SAN MATEO (04/03/2000) - SAS Institute this year is looking to greatly expand its Web presence, giving customers a foundation of data analysis for CRM (customer relationship management) and e-commerce applications.

SAS is developing server-side, Java-based application frameworks that will let companies build traditional decision-support capabilities, including reporting and data mining, into e-business applications.

The frameworks can tie in to existing e-commerce applications or form a complete Web application platform. They use Java server pages and in-memory database technology for faster access than traditional relational databases.

The new applications, which will be ready at the end of the year, will provide "real-time analytics on what's going on at your Web site so you can get a visual picture of what pages are being hit, what items are being ordered," explained Jim Goodnight, president and CEO of SAS. "We're doing a lot of work right now to make our analytics useful to a Web site, to make them easier to use," Goodnight said.

Customers that are compiling clickstream data, such as what site visitors search for, said that faster data access is badly needed in Web environments where gathering tens of gigabytes a day is not unusual.

"Business is moving so fast we can't wait for paper reports or people to crunch numbers. Slow response time on something like advertising campaigns can mean a lost opportunity," said George Nassef, executive vice president and CIO of HotJobs.com, in New York.

SAS will also look to extend its Web marketing capabilities this week through a partnership with profiling company Engage.

By May, customers will be able to take information from Engage's Profile Server, which tracks visitor behavior and builds a customer profile, and feed that information into SAS's eDiscovery application. By integrating the two products, companies will be able to design marketing campaigns or promotions for customers across their different sales and support channels, according to SAS officials.
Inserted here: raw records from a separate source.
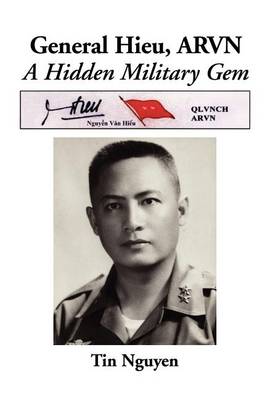 General Hieu, Arvn: A Hidden Military Gem (Hardback)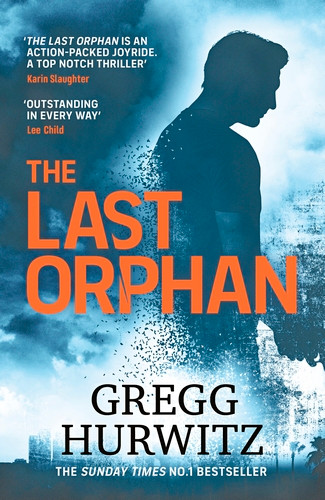 Gregg Hurwitz / The Last Orphan (Hardback)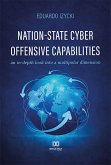 Nation-State Cyber Offensive Capabilities (eBook, ePUB) Nation-State Cyber Offensive Capabilities (eBook, ePUB)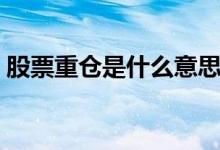 股票重仓是什么意思啊 股票重仓是什么意思 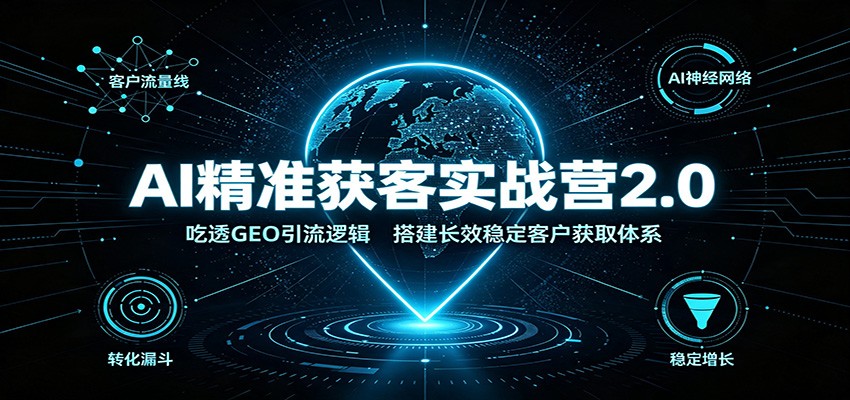 AI精准获客实战营2.0:吃透GEO引流逻辑,搭建长效稳定客户获取体系-赛德副业库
The data-mining capabilities in the core SAS product will allow companies to interact with customers in more sophisticated ways, SAS officials said. One current SAS customer agreed.

"We have data on our customers now and we're starting to push toward the goal of customizing the Web site to the customer during a visit," said Dan Bachman, director of business intelligence at Outpost.com, in Kent, Conn. "The ultimate step is to recognize that the customer is not acting as history [indicates he or she would] and change the information on the fly."

To address the growing number of mobile users that are eager to access Web data, SAS next week at its user conference will announce support for the WAP (Wireless Access Protocol).

Publishing data over WAP will allow companies to deliver corporate information to a range of mobile devices, including Palm PDAs (personal digital assistants), and Nokia phones.

SAS Institute, in Cary, N.C., is at www.sas.com.